**TASK DETAILS**:
Copy the lines below, please, starting with the one that contains "Fondo Commerciale in vendita a Quercioli" and ending with the last. Pictures stay out.

**PROVIDED DATA**:

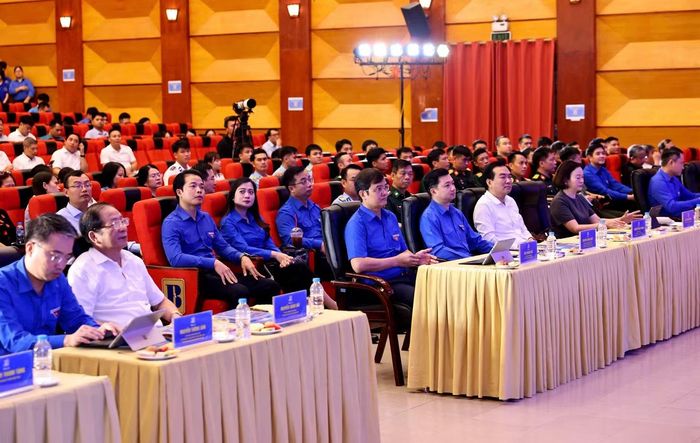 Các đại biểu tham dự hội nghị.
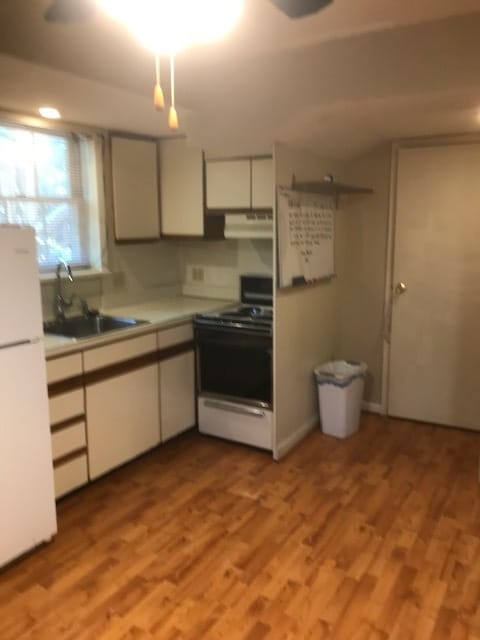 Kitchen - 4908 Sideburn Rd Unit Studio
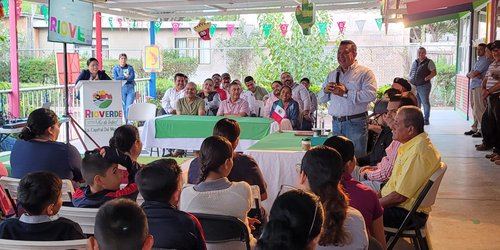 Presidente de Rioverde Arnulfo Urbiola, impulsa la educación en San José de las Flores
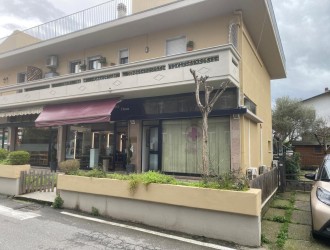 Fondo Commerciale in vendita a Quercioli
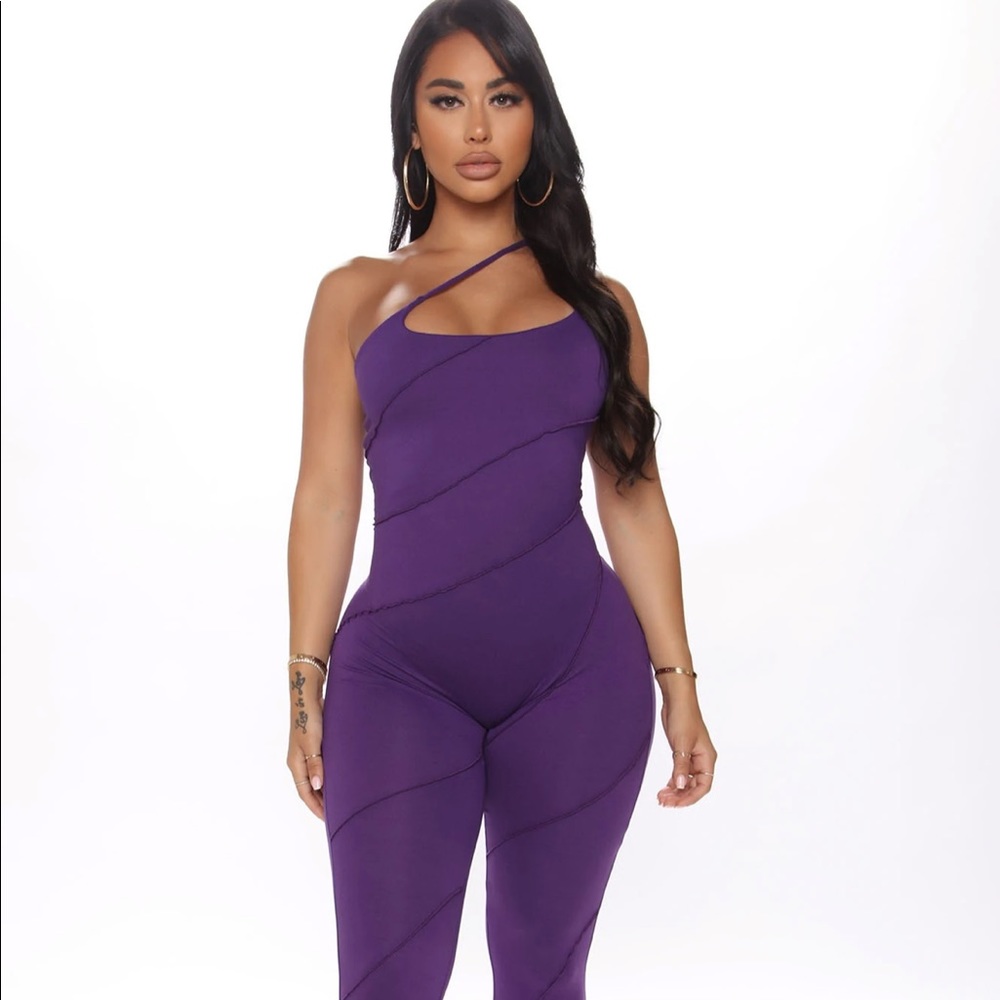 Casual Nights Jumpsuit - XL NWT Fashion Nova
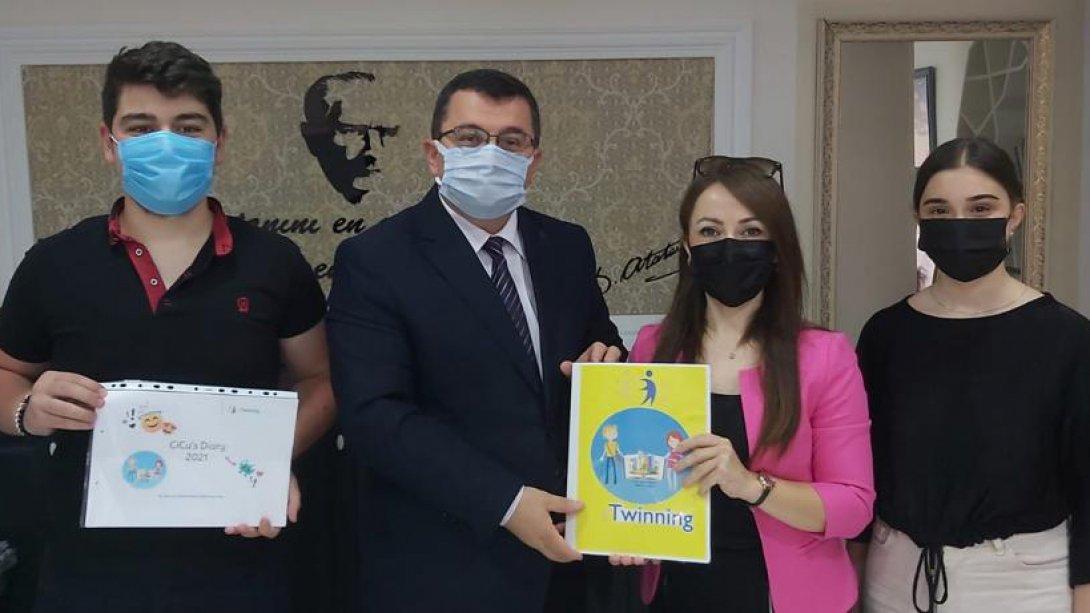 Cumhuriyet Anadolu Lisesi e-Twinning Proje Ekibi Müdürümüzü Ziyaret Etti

**ANSWER SECTION**:
 Fondo Commerciale in vendita a Quercioli
 Casual Nights Jumpsuit - XL NWT Fashion Nova
 Cumhuriyet Anadolu Lisesi e-Twinning Proje Ekibi Müdürümüzü Ziyaret Etti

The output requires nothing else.